Julie: I’m always about big, very audacious goals. The reason for that is the marketplace is so dynamic now.  Forget e-commerce, we’re talking about conversational commerce. i.e. we’re talking to our devices, we’re ordering through our devices, we’re asking our devices questions. We’re leaning into a marketplace that is all about centralization. And we’re looking at omni-channel where we have an expectation of who we are and what we want and that information and services and capabilities get served up to us in a way that is expected and easy for us. And great engineers and great marketers are all thinking in this same way so big companies are actually at a disadvantage when they’re not able to move forward in that agile way.  An established company might set a financial goal, but a startup might set a user experience goal. I think that’s the line of demarcation where success is going to be created. It is in setting very audacious goals in user experience. I look at companies like Uber, AirBNB and Warby Parker, who faced some pretty insurmountable challenges in the beginning and said, you know what, we’re just going to figure out how to do this because it’s what humanity wants and it’s what’s good for the community and it’s what good for the business team and then they went and built it.

Digitent: How do you measure success in your organization when it comes to setting those big goals? Do you have data, analytics, sales, how do you go about deciding that you succeeded?

Julie:  Everyone uses the same benchmarks and yardsticks. Obviously for-profit entities have a fiduciary responsibility to our shareholders, a fiduciary responsibility to our associates and our team, because we all are more excited when we make things we can actually bring to the market. For me, beyond all of those things, the next step is how successful are you at actually putting things in the market. Nobody I know, or who works with us on our team gets all that excited about doing a PowerPoint deck. We all do them so that we can cogently explain and describe and gain advocacy around our ideas. So words and pictures in a concise way is how we communicate. But what really gets everyone super excited is the actual launching of what we build. So for me the benchmark is always how quickly can you get to market, and then how can you engage the market in helping you build a stronger user experience.

Digitent: I would think in your space the status quo seems like it might be in the way pretty often because you’re in the innovation front, the digital front, pretty cutting-edge stuff.
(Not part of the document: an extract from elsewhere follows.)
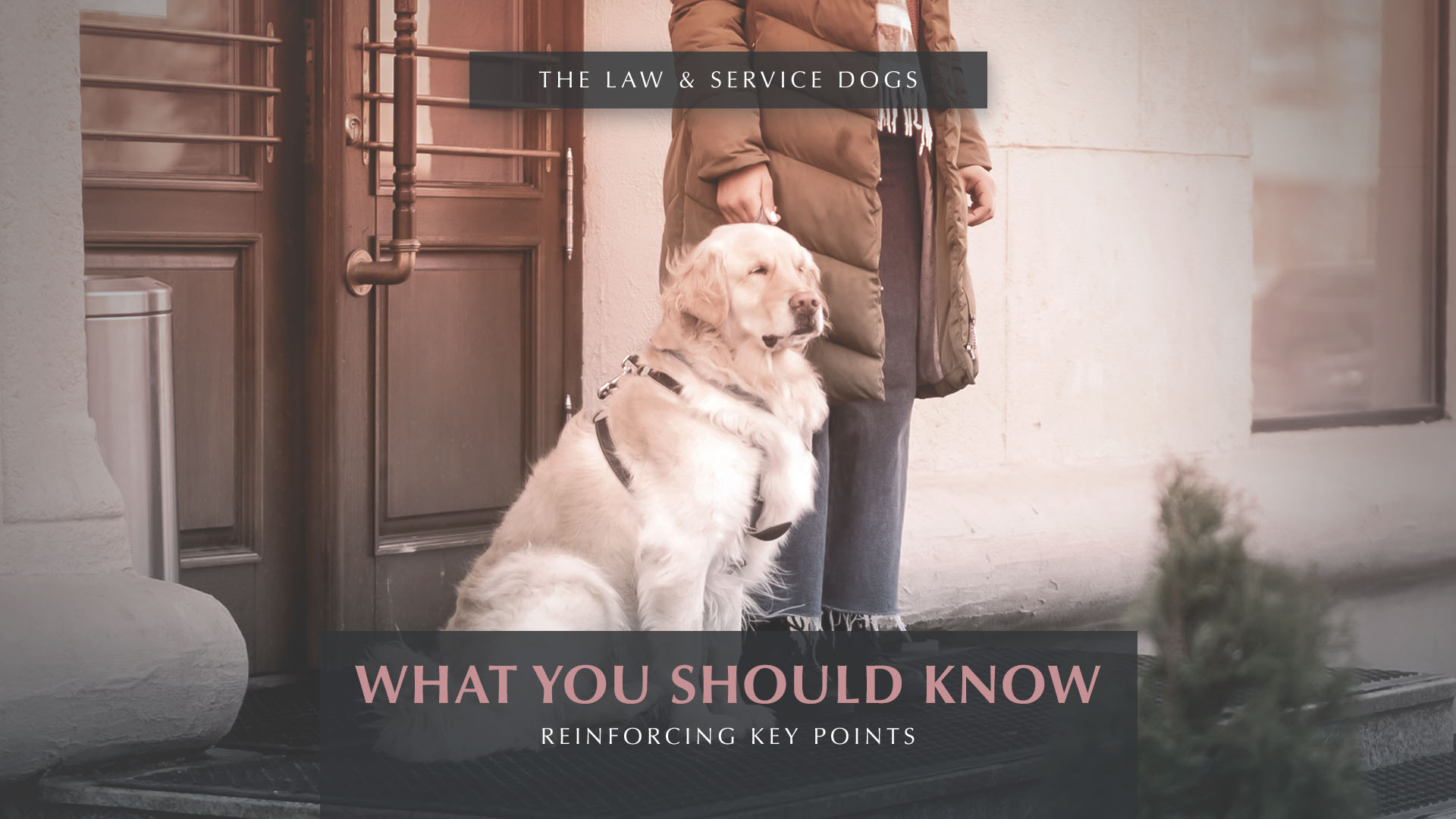 Service Dog Law and Your Rights - Service Dog and Handler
Julie: Everyone says they want innovation, but what they really mean is they want something easy that’s going to make a lot of money and that the marketplace is going to respond to and like it. So that’s a flash of lightning that’s super successful. You and I know that’s just not how typical businesses works. Even the example that we brought up now of incredibly valuable new ideas like Amazon and Warby Parker did not achieve absolute overnight success. We saw Apple become the first American company to be valued at over $1 trillion, but that did not happen overnight either. It was painstaking thinking, painstaking idea generation and smart investments that brought them through that process. And certainly if you look at the history of all of our digitally forward companies it’s built on this idea of progression. And they took four steps forwards, two steps back. Five steps forward, one step back. For me, what has been true of me is the idea of resilience. Facing realities and working through them and finding ways to solve really big human problems.